Reducing risk of Alzheimer’s
Super gene may hold the answer
A super gene that may lower the risk of developing Alzheimer’s disease (AD) by as much as 70 per cent has been identified by US researchers, who say it could take treatment in a whole new direction.
The team from Columbia University says the protective variant, which appears to allow toxic forms of amyloid out of the brain and through the blood-brain barrier, supports evidence that the brain’s blood vessels play a large role in AD.
More than 472,000 Australians live with dementia and AD.
Columbia University said in a statement that the protective variant identified occurs in a gene that makes fibronectin, a component of the blood-brain barrier, which is a lining surrounding the brain’s blood vessels that controls the movement of substances in and out of the brain.
Study co-lead Caghan Kizil said AD may start with amyloid deposits in the brain, but the disease manifestations are the result of changes that happen after the deposits appear.
Associate Professor Kizil is from the Taub Institute at Columbia University and the research was published in April in the journal Acta Neuropathologica.
The team identified that fibronectin, which is usually found in the blood-brain barrier in tiny amounts, is in larger amounts in people who do have AD.
“Our findings suggest … that we may be able to develop new types of therapies that mimic the gene’s protective effect to prevent or treat the disease,” he said. “It’s a classic case of too much of a good thing,” Prof Kizil says. “It made us think that excess fibronectin could be preventing the clearance of amyloid deposits from the brain.”

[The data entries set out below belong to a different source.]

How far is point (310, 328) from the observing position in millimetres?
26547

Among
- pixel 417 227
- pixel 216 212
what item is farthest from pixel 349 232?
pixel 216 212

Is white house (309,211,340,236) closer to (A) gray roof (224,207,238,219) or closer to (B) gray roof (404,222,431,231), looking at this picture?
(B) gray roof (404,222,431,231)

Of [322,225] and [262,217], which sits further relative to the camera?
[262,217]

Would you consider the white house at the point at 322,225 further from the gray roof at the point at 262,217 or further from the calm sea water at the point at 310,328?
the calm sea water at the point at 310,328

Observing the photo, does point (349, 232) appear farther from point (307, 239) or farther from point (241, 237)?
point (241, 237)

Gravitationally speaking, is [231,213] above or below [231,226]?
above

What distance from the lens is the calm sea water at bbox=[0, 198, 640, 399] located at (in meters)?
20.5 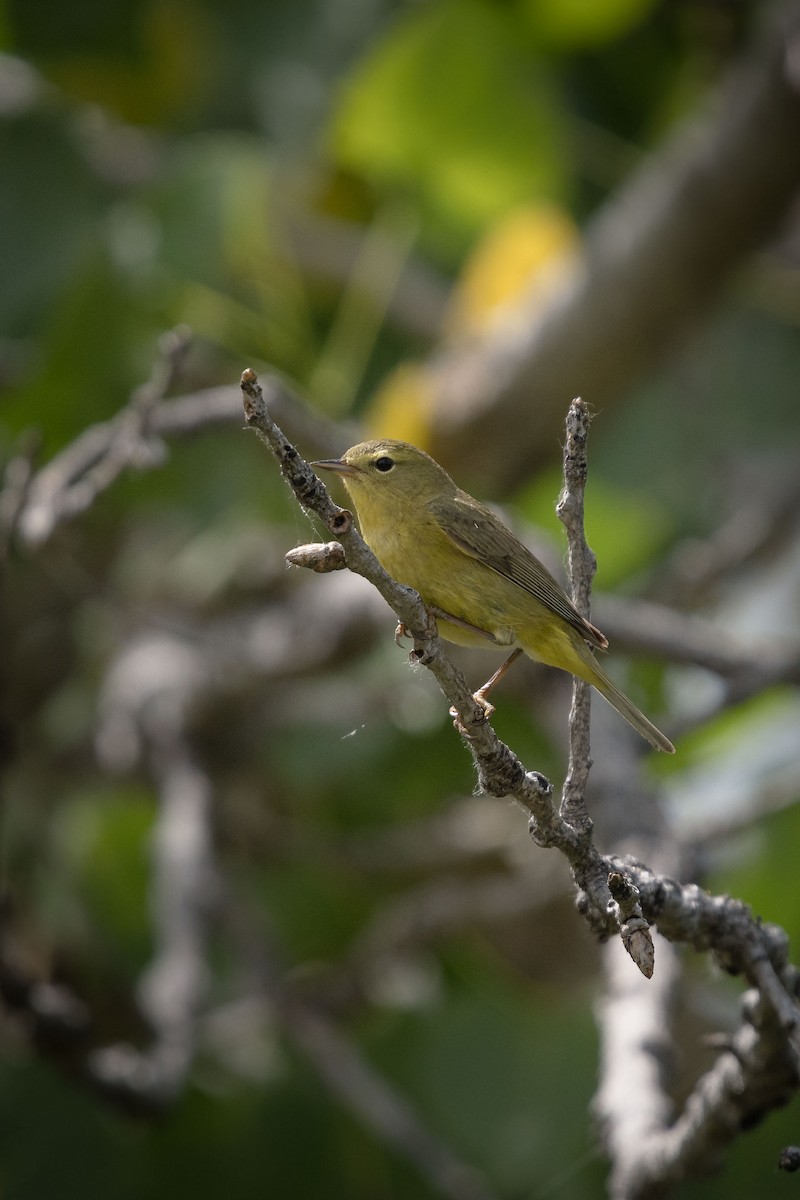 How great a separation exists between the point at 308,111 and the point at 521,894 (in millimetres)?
2863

A world-renowned expert in Alzheimer’s and neurodegenerative diseases research, Professor Colin Masters from The Florey in Melbourne, says the research is promising, but cautions it is still “years away” from delivering new drugs.

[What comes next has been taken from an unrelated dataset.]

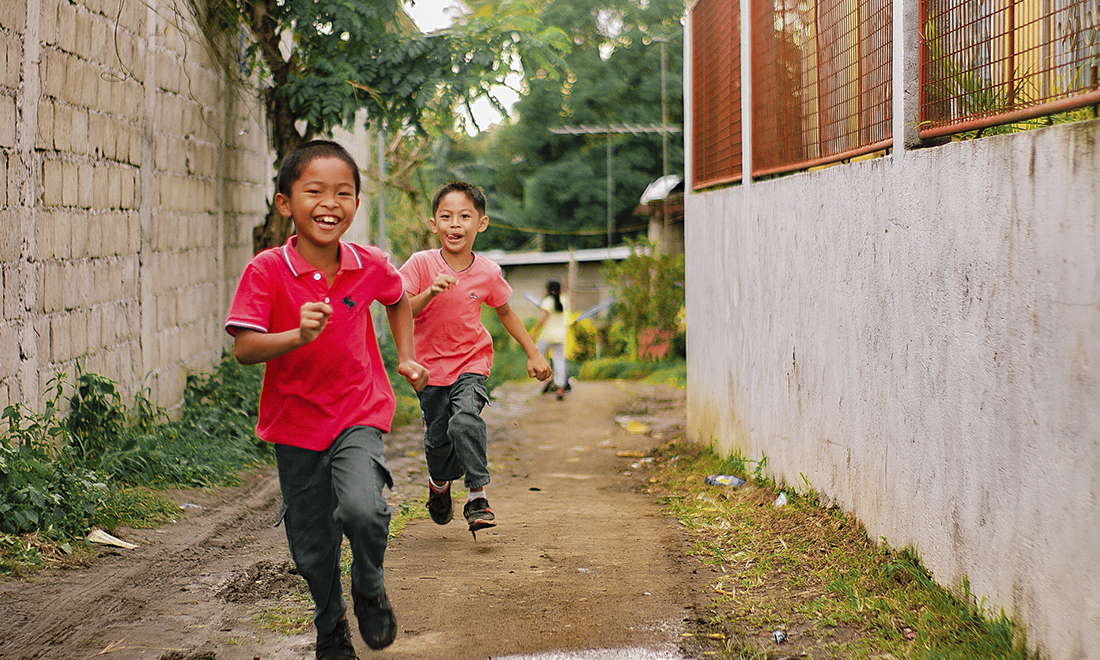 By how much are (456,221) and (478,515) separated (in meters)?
1.53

While he was not involved in this research, he has studied the role of amyloid and its role in AD for more than 40 years.
Prof Masters said this research was on the right pathway. “Anything that targets amyloid is very interesting and worth exploring.”
Professor Christopher Rowe, the director of the Australian Dementia Network at the University of Melbourne and Florey Institute agreed it was exciting to find new gene variants that reduce the risk of developing Alzheimer’s disease, the most common cause of dementia in Australia.
Prof Rowe said although amyloid antibody treatment for AD may soon be available in Australia, the benefit is slowing of disease progression and this is largely restricted to those with very mild symptoms of AD. “More treatments and better tests for very early detection of AD are urgently needed,” he said.